PROBLEM TO SOLVE:
Each line in the material below, starting at the one with "Pacsun High Rise Ankle Jegging (Two-Tone)" and ending at the one with "Nipple Ring Piercing", is to be reproduced exactly; no picture is to be copied.

*** RECORDS ***

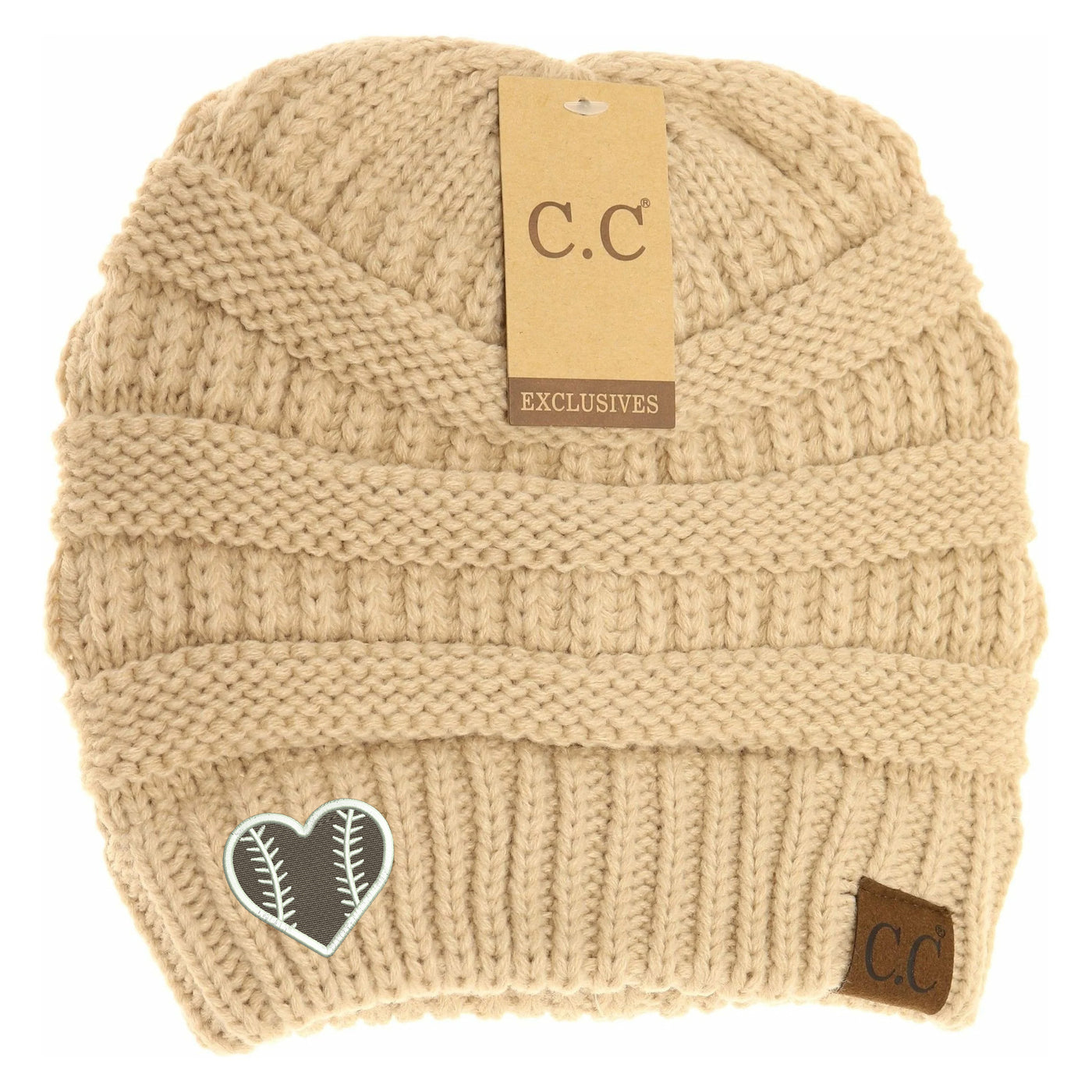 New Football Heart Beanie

*** End of RECORDS ***
*** RECORDS ***

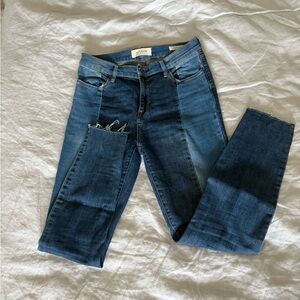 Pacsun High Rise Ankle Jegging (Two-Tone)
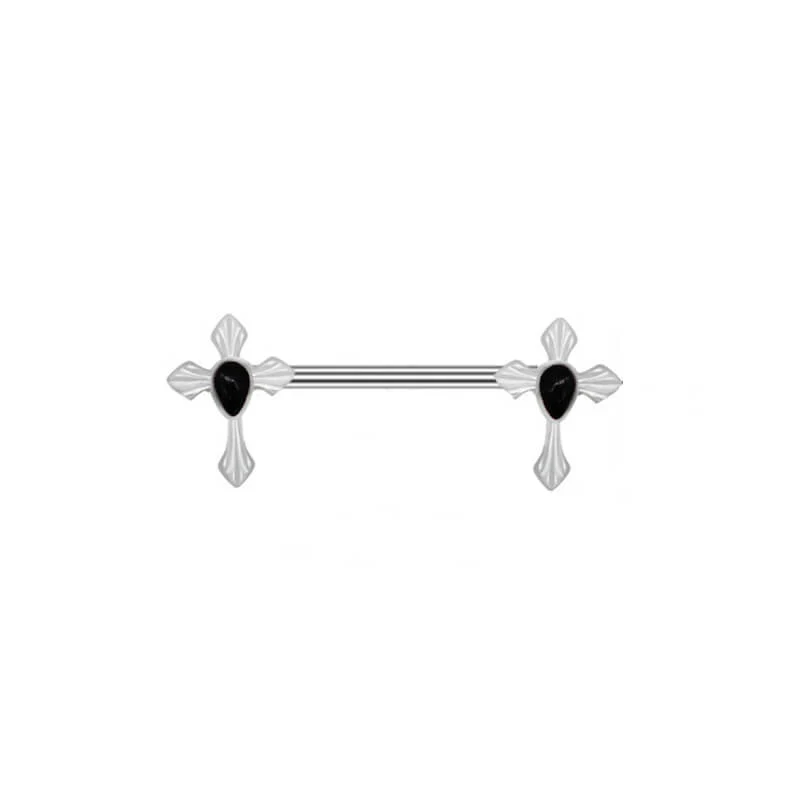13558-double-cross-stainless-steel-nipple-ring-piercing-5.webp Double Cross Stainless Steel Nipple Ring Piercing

*** End of RECORDS ***
*** RECORDS ***

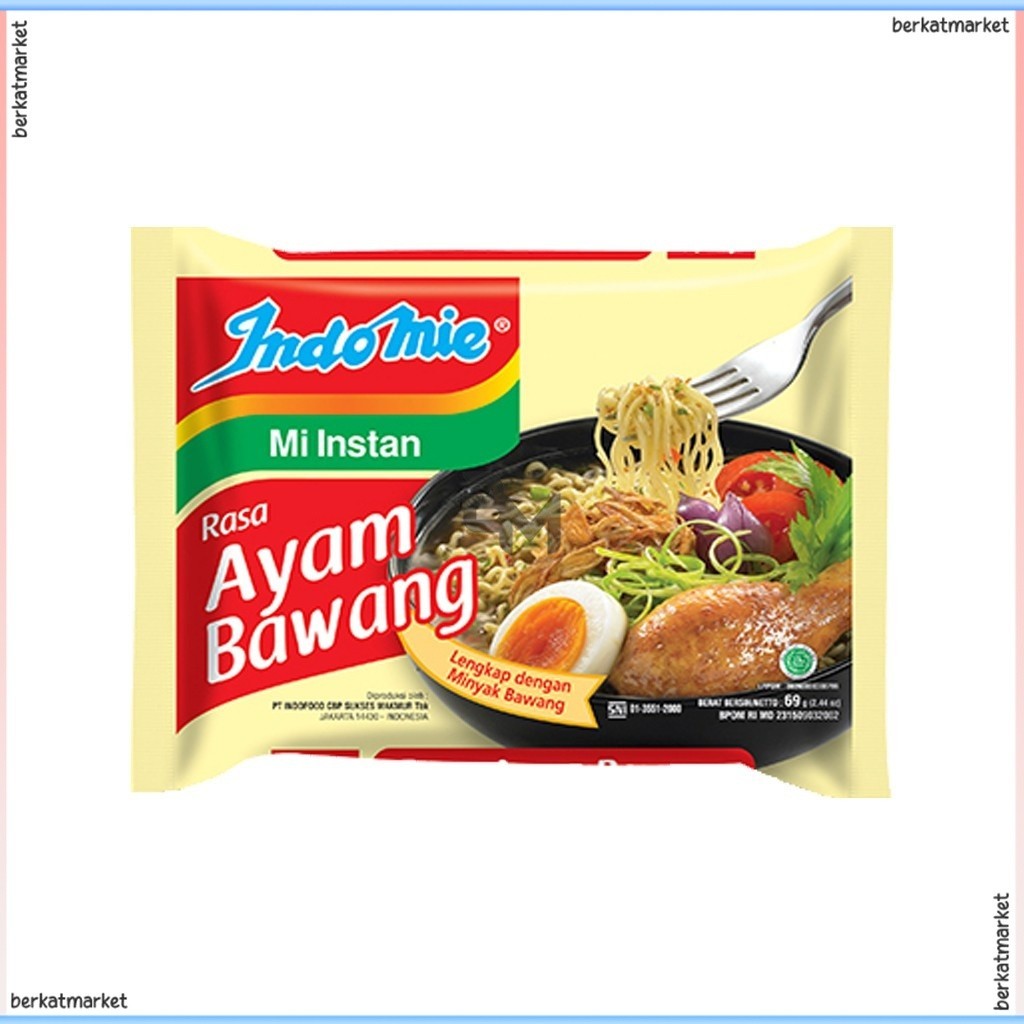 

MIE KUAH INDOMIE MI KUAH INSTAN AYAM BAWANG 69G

*** End of RECORDS ***

ANSWER SPACE:
 Pacsun High Rise Ankle Jegging (Two-Tone)
13558-double-cross-stainless-steel-nipple-ring-piercing-5.webp Double Cross Stainless Steel Nipple Ring Piercing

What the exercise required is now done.